C中联合后的“++”是什么意思？

Question

Here's the code

int AreSymEquivalent_hkl(const T_SgInfo *SgInfo, int h1, int k1, int l1,
                                                 int h2, int k2, int l2)
{
  int     iList, mh2, mk2, ml2, hm, km, lm;
  T_RTMx  *lsmx;


  mh2 = -h2;
  mk2 = -k2;
  ml2 = -l2;

  /* check list of symmetry operations */

  lsmx = SgInfo->ListSeitzMx;

  for (iList = 0; iList < SgInfo->nList; iList++, lsmx++)
  {
    hm = lsmx->s.R[0] * h1 + lsmx->s.R[3] * k1 + lsmx->s.R[6] * l1;
    km = lsmx->s.R[1] * h1 + lsmx->s.R[4] * k1 + lsmx->s.R[7] * l1;
    lm = lsmx->s.R[2] * h1 + lsmx->s.R[5] * k1 + lsmx->s.R[8] * l1;

    if      ( h2 == hm &&  k2 == km &&  l2 == lm)
      return  (iList + 1);

    else if (mh2 == hm && mk2 == km && ml2 == lm)
      return -(iList + 1);
  }

  return 0;
}

It's a function defined from a quite famous package 'sginfo' in the area of computational crystallography. (You can download from here if you want: https://github.com/rwgk/sginfo/tree/master/sginfo_1_01 ) So i'm sure there's no bug in it. The question is in the lines

  lsmx = SgInfo->ListSeitzMx;

  for (iList = 0; iList < SgInfo->nList; iList++, lsmx++)

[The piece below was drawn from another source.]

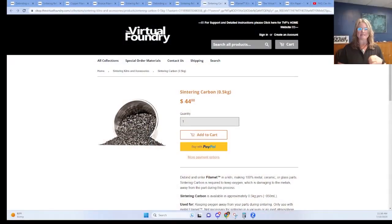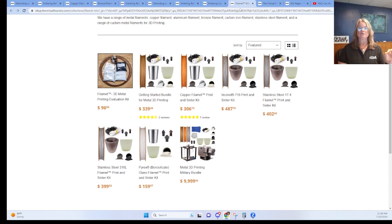Sintering carbon acts as an oxygen getter during the sintering process and prevents oxygen from reaching your print and oxidizing it. You'll apply a layer to the top of your packed crucible. The print and sinter kits in the Virtual Foundry shop ensure you're getting the right sintering powders for your filament material.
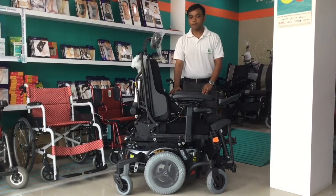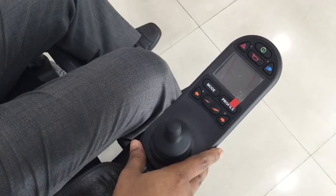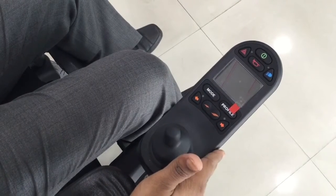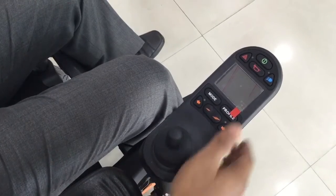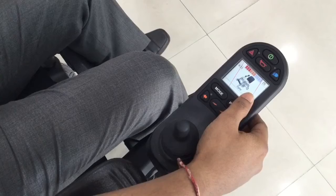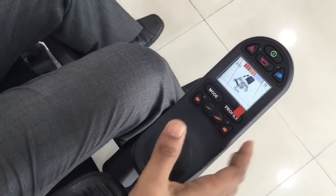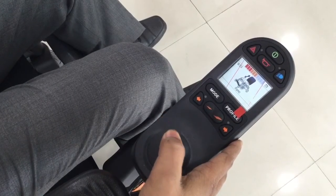We already know that the joystick is a very important part of a power wheelchair. Karma introduces a very high-end joystick in the Morgan Kicks. It comes with a digital display — first of its kind in the Indian market — and it also has different modes. With this knob, you can change the different functions very easily.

Where "SgInfo" is a big struct I did not put it here, containing "ListSeitzMx" -- an attribute of a union named "T_RTMx" which consists some matrices information. The definition is as follows:

typedef union
  {
    struct { int R[9], T[3]; } s;
    int                        a[12];
  }
  T_RTMx;

That's the part confuses me, "++" after a union. What I know is that the value of int before "++" adds to 1, but the union type makes no sense. Or I have made a big mistake of the whole thing? That "lsmx" is not a union or something... As a beginner of C, I have tried to write a small test script on this question but the bugs made me crazy. So I finally decided to publish this question...

Answer 1

lsmx++

is equivalent to

( orig = lsmx, lsmx = lsmx + 1, orig )

In other words,

• lsmx++ adds one to lsmx (as if you had done ( lsmx = lsmx + 1 ).

• lsmx++ evaluates to the original value of lsmx , but that is discarded in your code.

lsmx is a pointer. Adding 1 to a pointer increases the address by the size of the pointed thing ( sizeof(*lsmx) ).

For example,

T_RTMx foo[5] = ...;
T_RTMx *lsmx = foo;   # Same as &( foo[0] )   # Points to foo[0]
lsmx++;                                       # Points to foo[1]
lsmx += 2;                                    # Points to foo[3]

Keep in mind that a[b] is completely equivalent to *(a+b) .

Answer 2

You are actually not adding to the union. You are adding to the address.

Consider a similar situation:

struct abc {
    int a, b, c;
    //Lots more nonsense
};

Now,

struct abc z;
struct abc *a;
a = &z

This tells that a stores address of struct abc type.

Now let's revise how pointers work.

Let's suppose z resides at a location 1000 . a stored that value. When I do *a , I refer to memory location 1000 upto sizeof(struct abc) . As a is a pointer to the type struct abc , you can do:

a->c = 2;

or something like that.

When you say:

int *b;

It practically can store address of any other type. If you really like to be adventurous, you can do this:

b = &z;

You may or may not receive warnings depending on your compiler.

When I store &z , the only thing the compiler does is treat the value at the address of z as an int . So b has the value 1000 .

Now when you do *b , you refer to the address 1000 upto sizeof(int) .

Concluding this,

b++;

This would just do 1000 + sizeof(int) , and reach to next int .

a++;

would do 1000 + sizeof(struct abc) .